* **AIM OF THE EXERCISE**
From the material below, retype exactly the lines that begin at the line with "комерційна за адресою Оленівська вул., 16" and end after the line with "Sister Josephine Cho"; pictures stay out of the copy.

* **INFORMATION PROVIDED**
****************

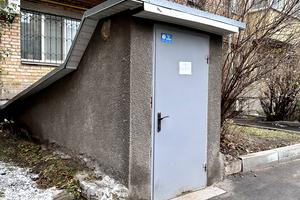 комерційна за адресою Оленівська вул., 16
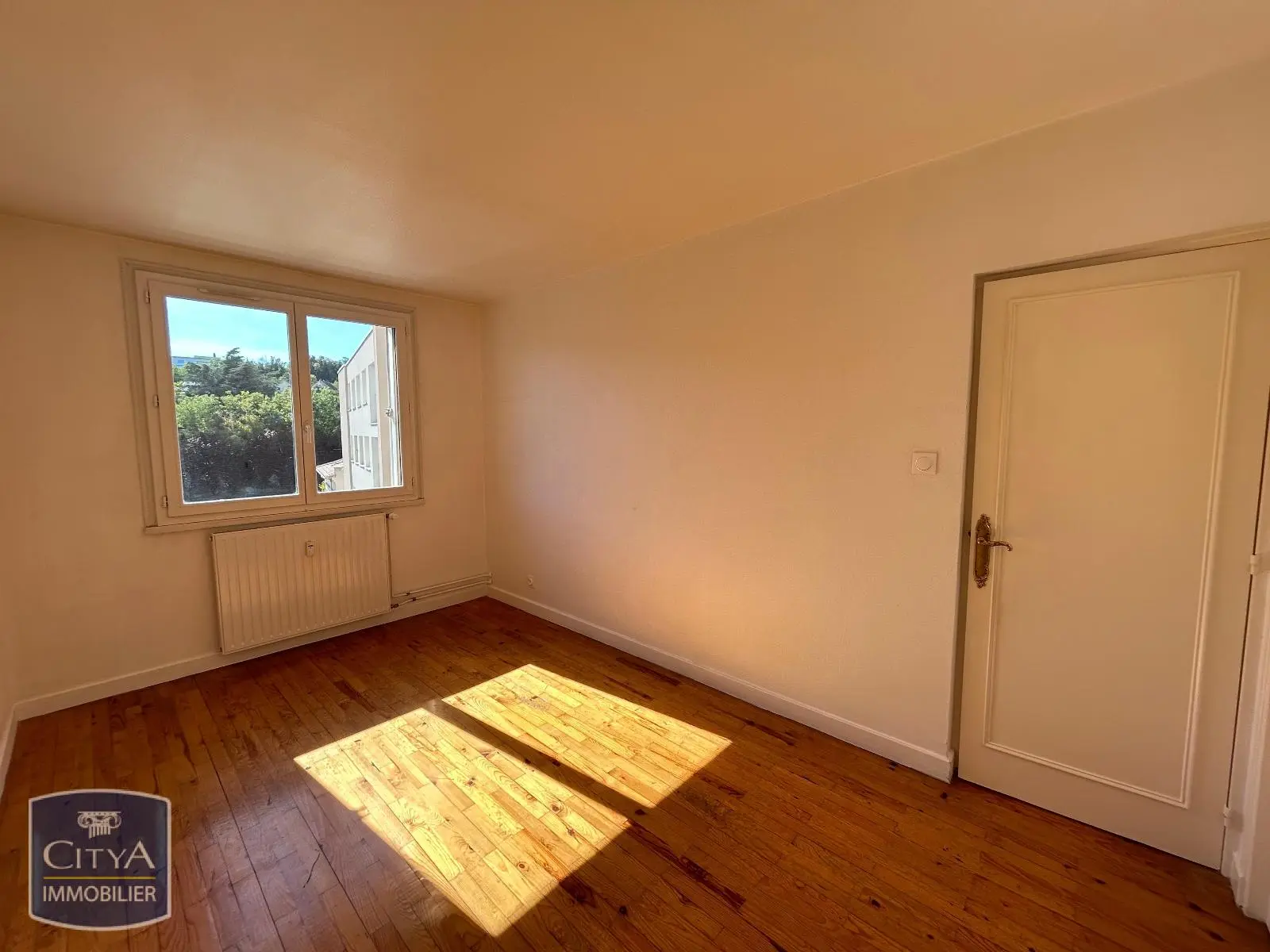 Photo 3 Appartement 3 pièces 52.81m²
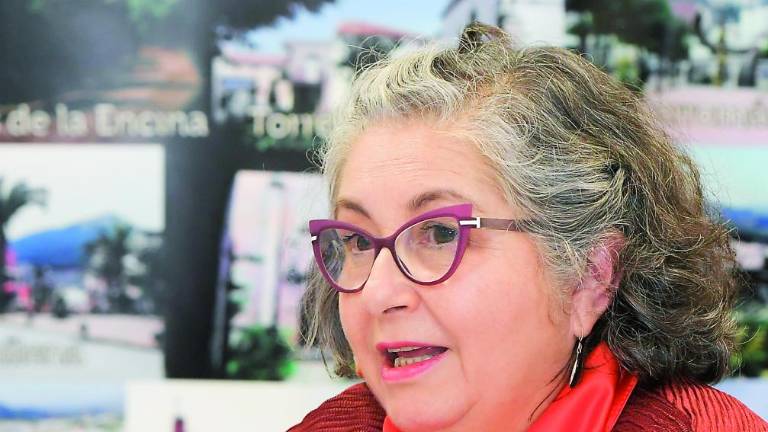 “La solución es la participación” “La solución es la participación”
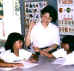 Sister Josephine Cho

****************

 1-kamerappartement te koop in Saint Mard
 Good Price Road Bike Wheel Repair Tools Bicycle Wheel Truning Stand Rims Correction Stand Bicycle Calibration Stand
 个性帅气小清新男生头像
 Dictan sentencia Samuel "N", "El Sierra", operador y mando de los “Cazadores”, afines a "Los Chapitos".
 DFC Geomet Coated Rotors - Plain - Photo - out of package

****************

* **RESULT OF THIS EXERCISE**
 комерційна за адресою Оленівська вул., 16
 Photo 3 Appartement 3 pièces 52.81m²
 “La solución es la participación” “La solución es la participación”
 Sister Josephine Cho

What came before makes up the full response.